• WHAT TO PRODUCE
Which lines run from the one containing "SUGAR整形外科 術前術後案例 #1183 術前術後照片 - 術後" through the end of the data? Write them out exactly, with the pictures left out.
■ ■ ■ ■
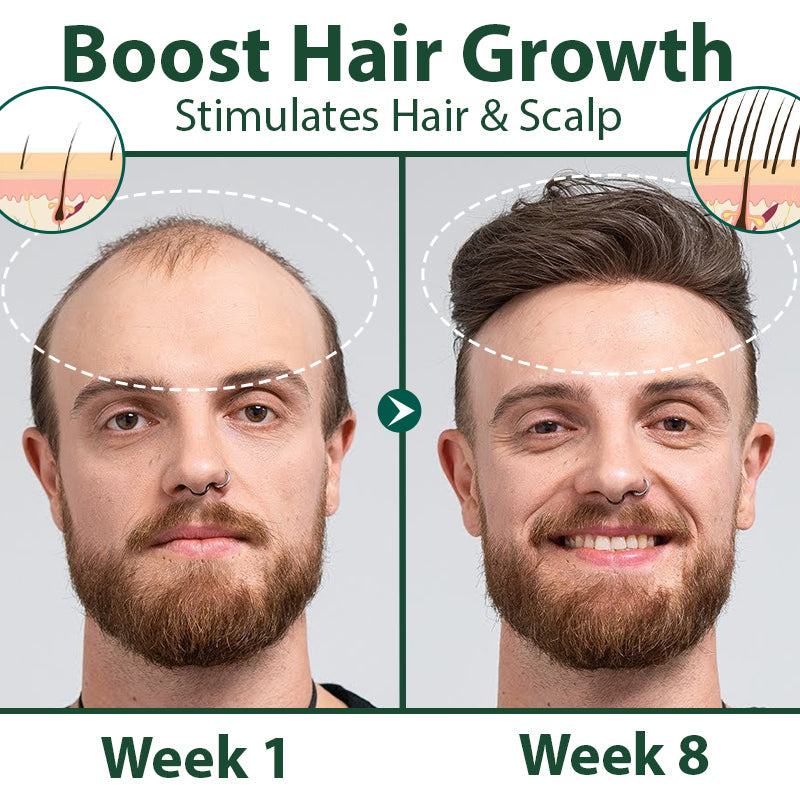 HairRegen RedGinseng Spray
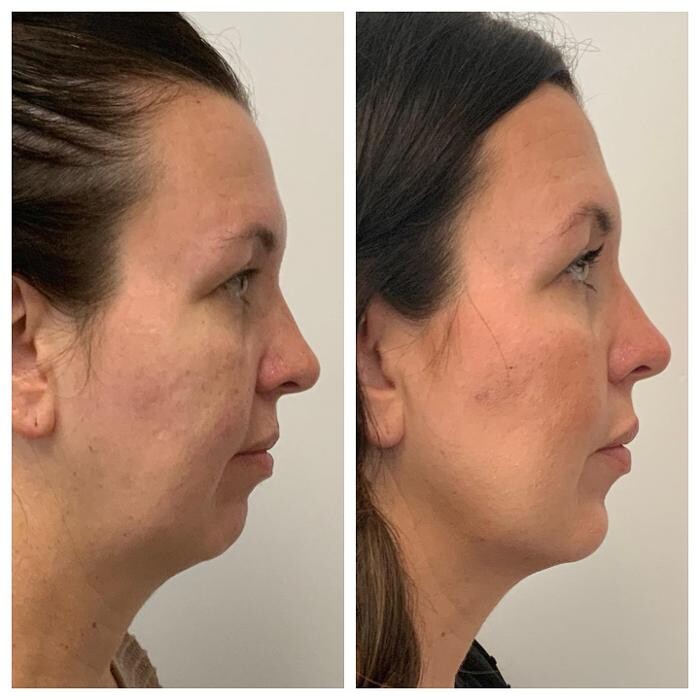 Images Glo Medspa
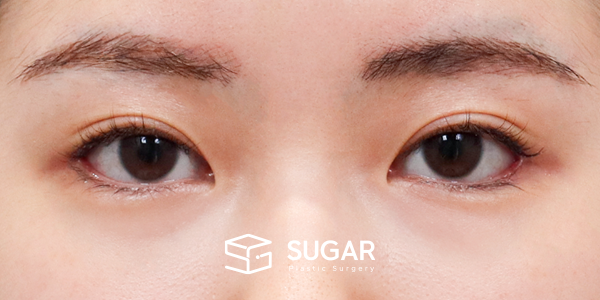 SUGAR整形外科 術前術後案例 #1183 術前術後照片 - 術後
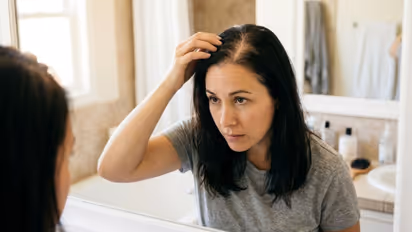 Science of DHT and Graft Survival in Hair Restoration Explained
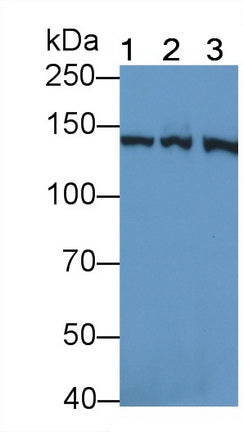 Valyl tRNA Synthetase (VARS) Polyclonal Antibody - image 2
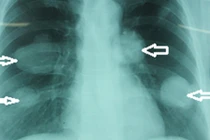 Kinh hoàng hàng nghìn sán chó làm tổ trong phổi người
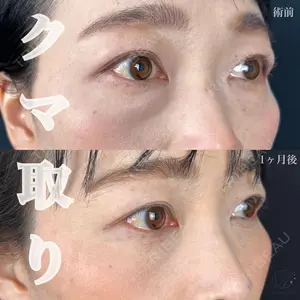 症例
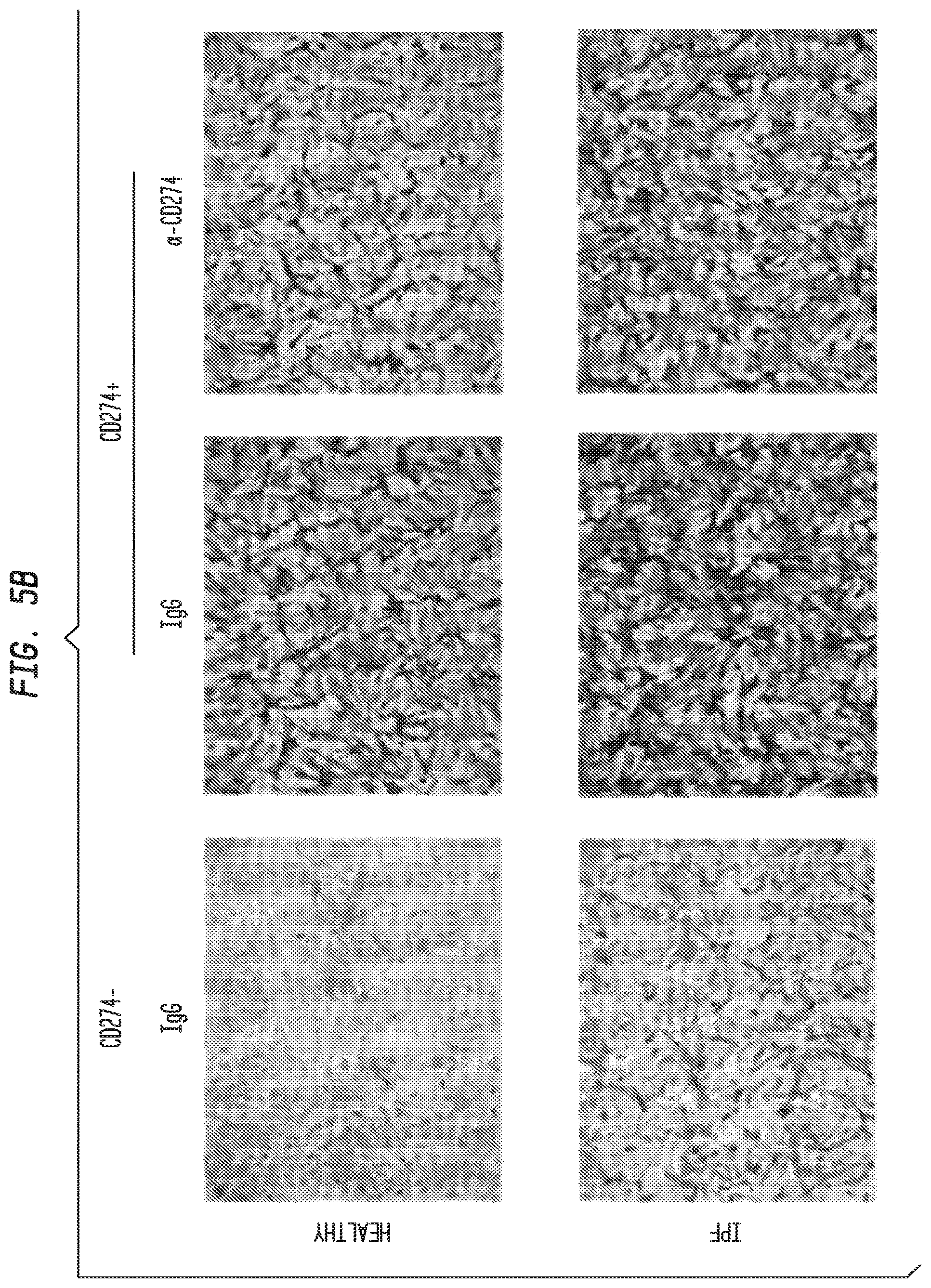Patent US12338283 Figure 8 – Methods for targeting the immune checkpoint PD1 pathway for treating pulmonary fibrosis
■ ■ ■ ■
• RESULT BELOW
 SUGAR整形外科 術前術後案例 #1183 術前術後照片 - 術後
 Science of DHT and Graft Survival in Hair Restoration Explained
 Valyl tRNA Synthetase (VARS) Polyclonal Antibody - image 2
 Kinh hoàng hàng nghìn sán chó làm tổ trong phổi người
 症例
Patent US12338283 Figure 8 – Methods for targeting the immune checkpoint PD1 pathway for treating pulmonary fibrosis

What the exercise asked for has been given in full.